Ne comparons pas émiettement et trame serrée. Ne confondons pas viande hachée et steak saignant que servent les meilleures cuisines politiques du pays, même à proximité d’un lac sacré. Serions-nous encore au lendemain du 7 novembre 2019 et d’une énième déculottée électorale, que nous aurions pu encore croire en l’infime possibilité d’une alliance anti-MSM digne de ce nom.

Qu’avons-nous fait depuis sinon régresser de semaine en semaine, en tolérant d’inacceptables guéguerres et autres nouveaux déchirements d’opposants encroûtés dans leur ego surdimensionné, vivant sur des nuages d’avant le 11 juin 1982. N’importe quel amateur de football télévisé et donc mondial, puisque ce sport ne se pratique plus ou presque à Maurice, vous dira que c’est à la veille des rencontres les plus cruciales que les meilleures équipes s’entredéchirent, entre autres parce que le capitanat est attribué à X au lieu de l’être à Z.
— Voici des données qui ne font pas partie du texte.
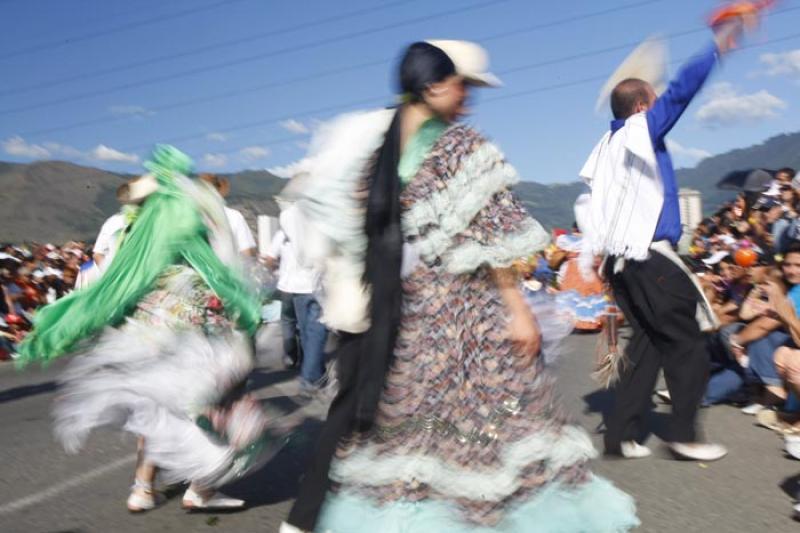 Grupo Folclorico en el Desfile de Silleteros, Mede...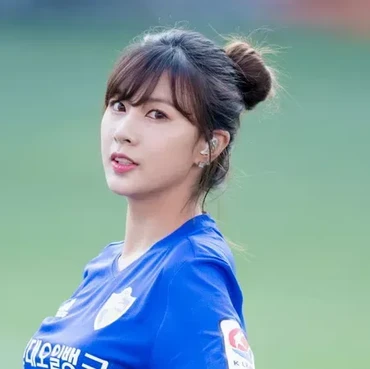 Tim Sepakbola Wanita 'FC Rumor' Dinyinyirin, Hayoung 'Apink' Geram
Jusqu’au prochain Nomination Day, la zizanie minera notre opposition tellement fantomatique comme jamais auparavant. Sommes-nous sûrs que chaque pilier de l’opposition sera capable de résister à un clin d’œil de Pinocchio l’invitant à prendre place dans le gruyère ministériel ? Tout pilier séduit et partant affaiblira d’autant l’opposition déjà fragilisée. Le mal sera d’autant plus grand que le traître aura droit à moult propagandes télévisées pour vomir sur ses anciens compagnons de lutte, sur les guerres de tranchée minant une opposition de pacotille.

Le pire est à venir et nous sommes tellement veules, tellement collabos, pour reprendre l’insulte si bien trouvée par Ananda Devi Nursimooloo-Anenden pour décrire la bassesse de deux femmes ministres anglaises, voulant se blanchir l’épiderme (plutôt coloré) en expulsant du Royaume-Désuni des immigrants, ressemblant tellement à leurs ancêtres. De quoi penser aux Mauriciens qui veulent expulser les Bangladais de cette terre d’accueil séculaire qu’est notre pays.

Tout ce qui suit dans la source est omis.